» Task prompt: Your copy should hold only the lines from the one with "18K Gold Plated" to the one with "Veiligheidsschoenen Justin S1P", both included, each exactly as it stands below, with no pictures.
─── Excerpted data
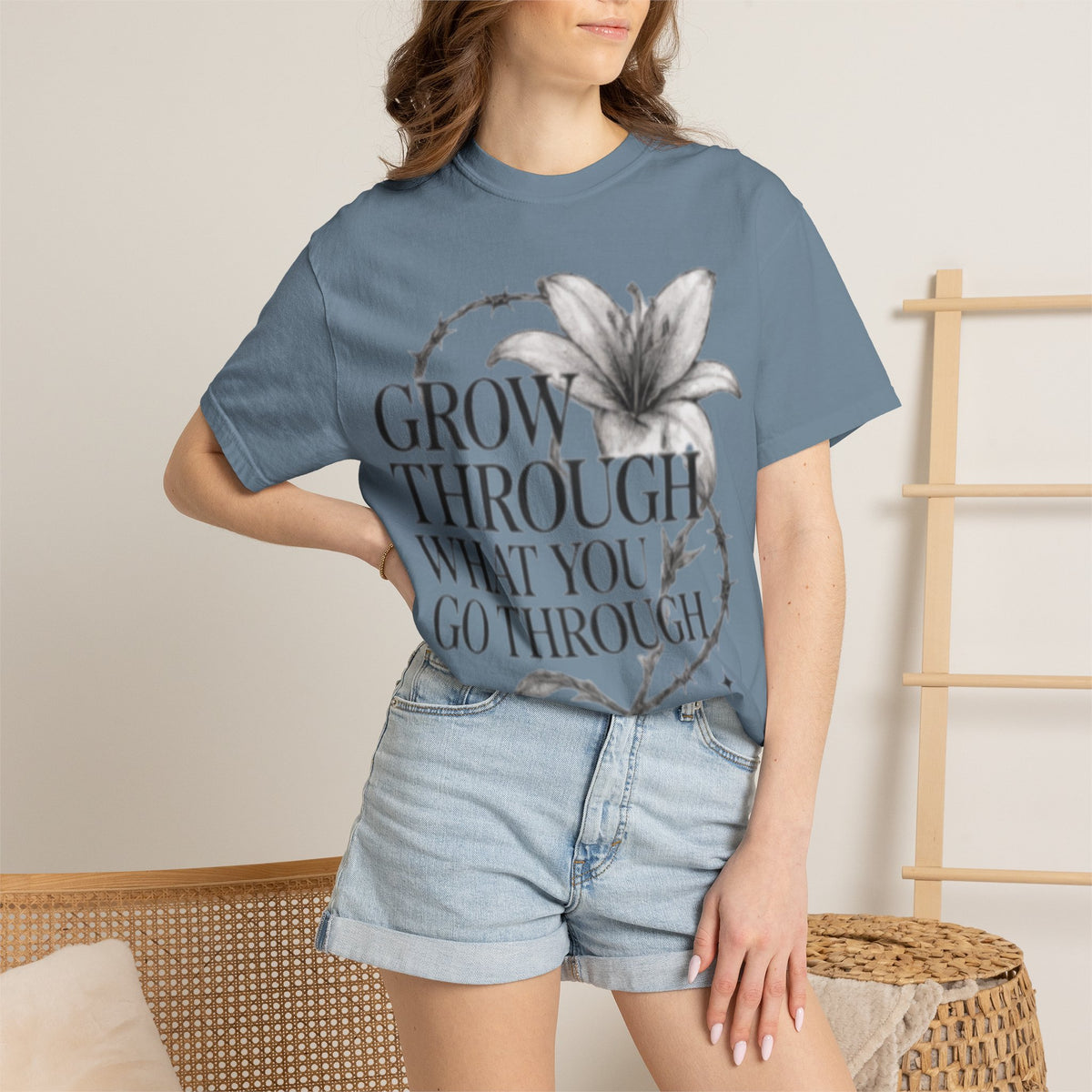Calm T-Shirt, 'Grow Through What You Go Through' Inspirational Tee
──────
─── Excerpted data
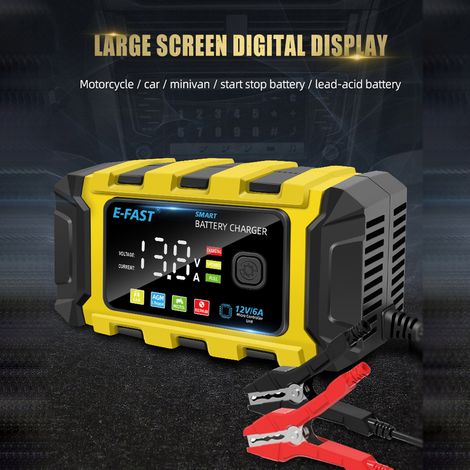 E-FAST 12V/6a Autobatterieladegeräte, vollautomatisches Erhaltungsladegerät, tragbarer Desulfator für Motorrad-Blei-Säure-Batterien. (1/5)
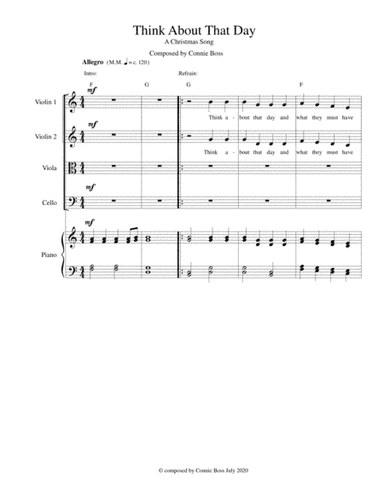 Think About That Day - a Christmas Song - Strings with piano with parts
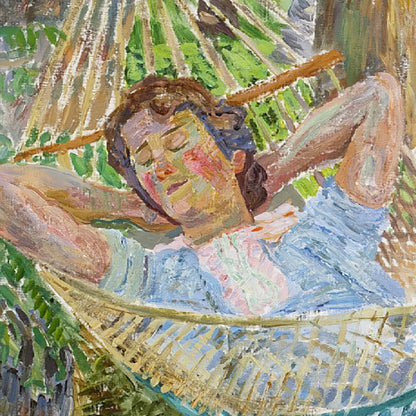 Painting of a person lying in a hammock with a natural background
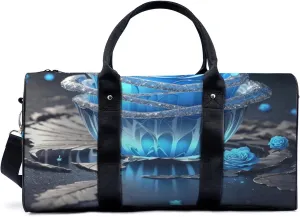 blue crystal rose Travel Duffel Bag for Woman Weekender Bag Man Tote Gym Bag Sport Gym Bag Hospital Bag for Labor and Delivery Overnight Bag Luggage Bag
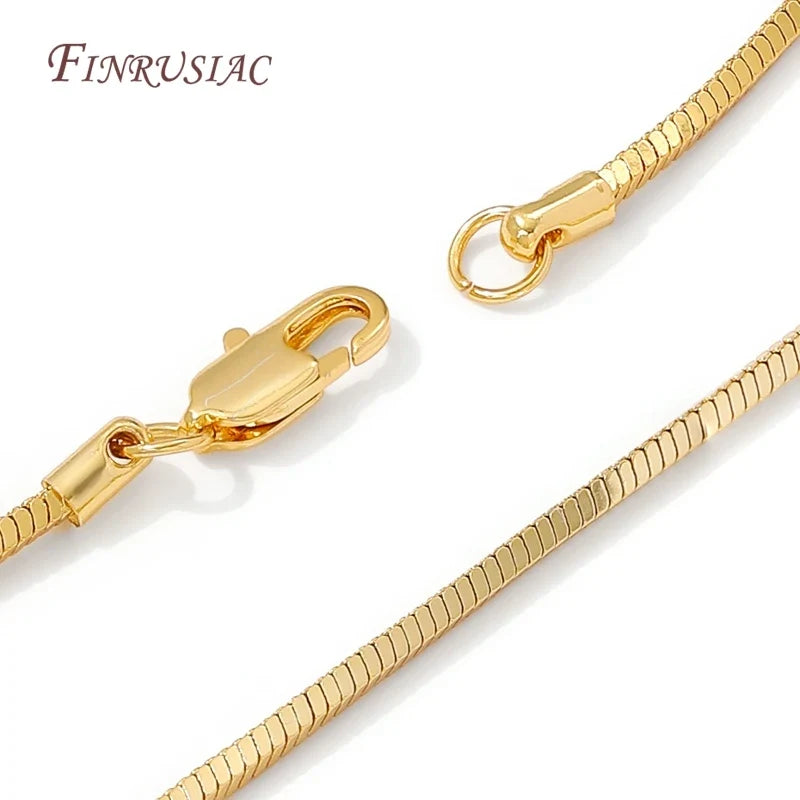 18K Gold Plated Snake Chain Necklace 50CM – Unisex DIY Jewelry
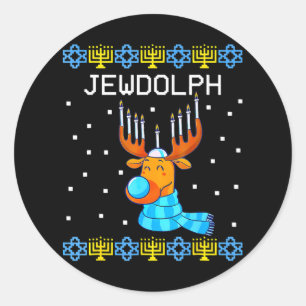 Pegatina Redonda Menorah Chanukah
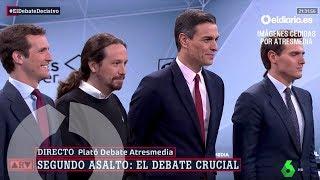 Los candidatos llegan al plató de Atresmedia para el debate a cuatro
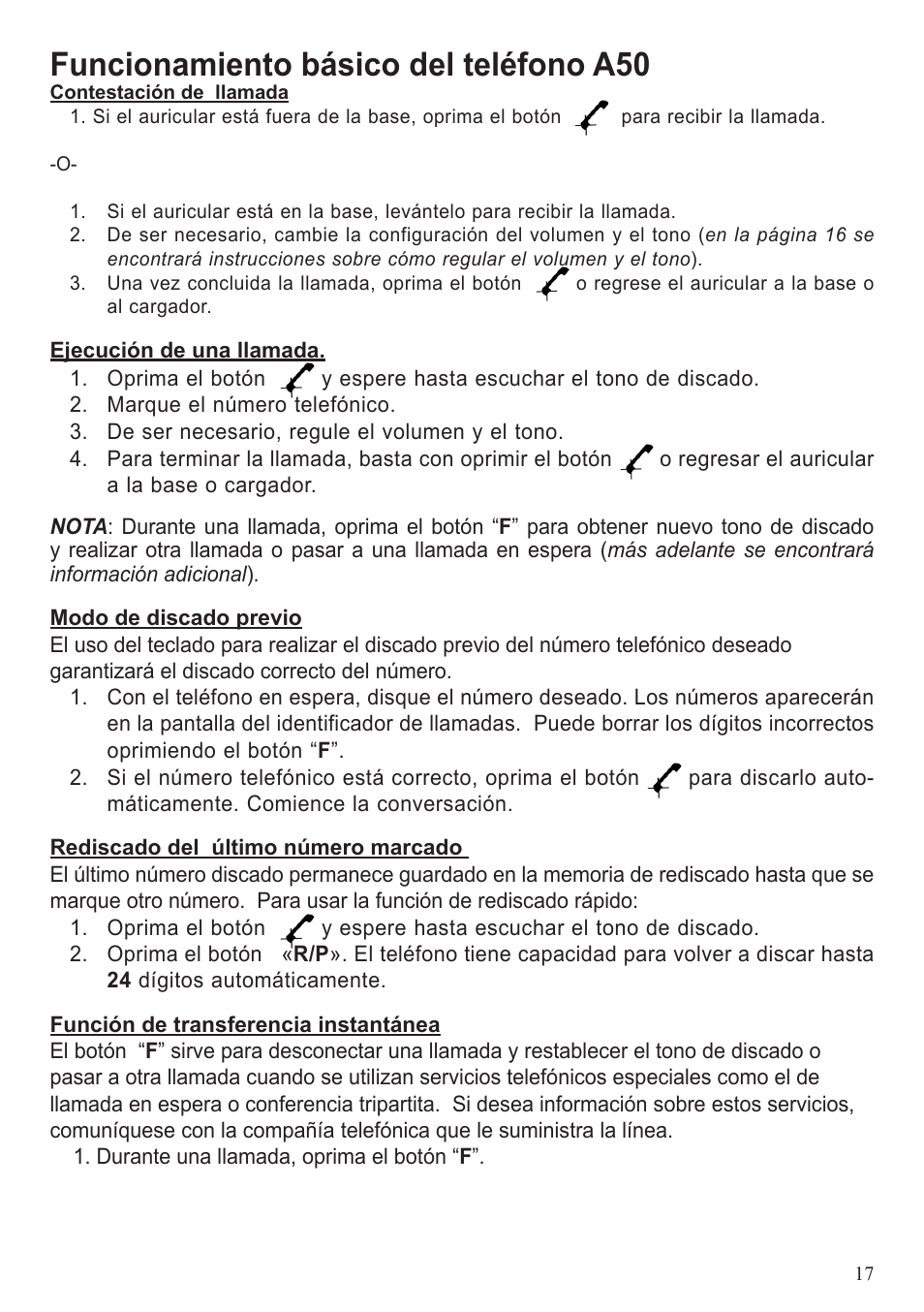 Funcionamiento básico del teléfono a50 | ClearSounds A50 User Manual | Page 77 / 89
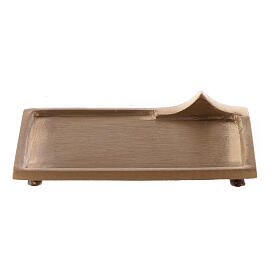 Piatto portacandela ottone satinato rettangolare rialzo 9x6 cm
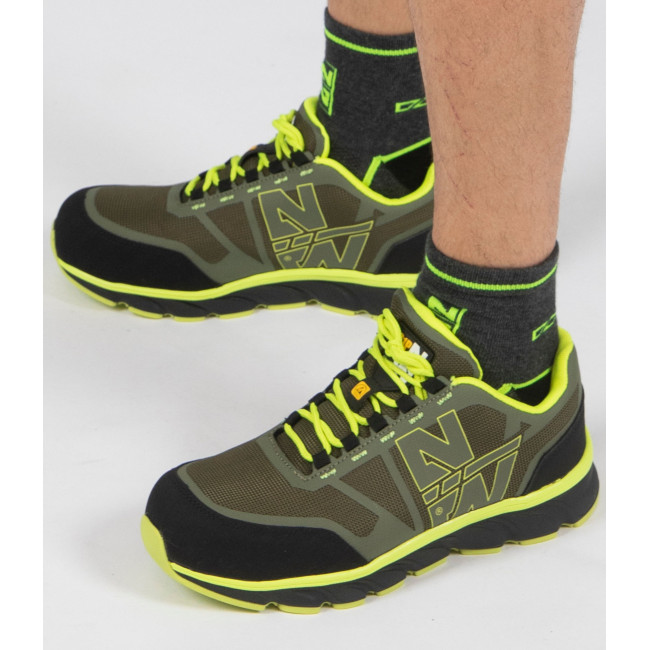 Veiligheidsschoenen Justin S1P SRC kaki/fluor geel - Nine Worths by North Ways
──────
» Task result:
 18K Gold Plated Snake Chain Necklace 50CM – Unisex DIY Jewelry
 Pegatina Redonda Menorah Chanukah
 Los candidatos llegan al plató de Atresmedia para el debate a cuatro
 Funcionamiento básico del teléfono a50 | ClearSounds A50 User Manual | Page 77 / 89
 Piatto portacandela ottone satinato rettangolare rialzo 9x6 cm
 Veiligheidsschoenen Justin S1P SRC kaki/fluor geel - Nine Worths by North Ways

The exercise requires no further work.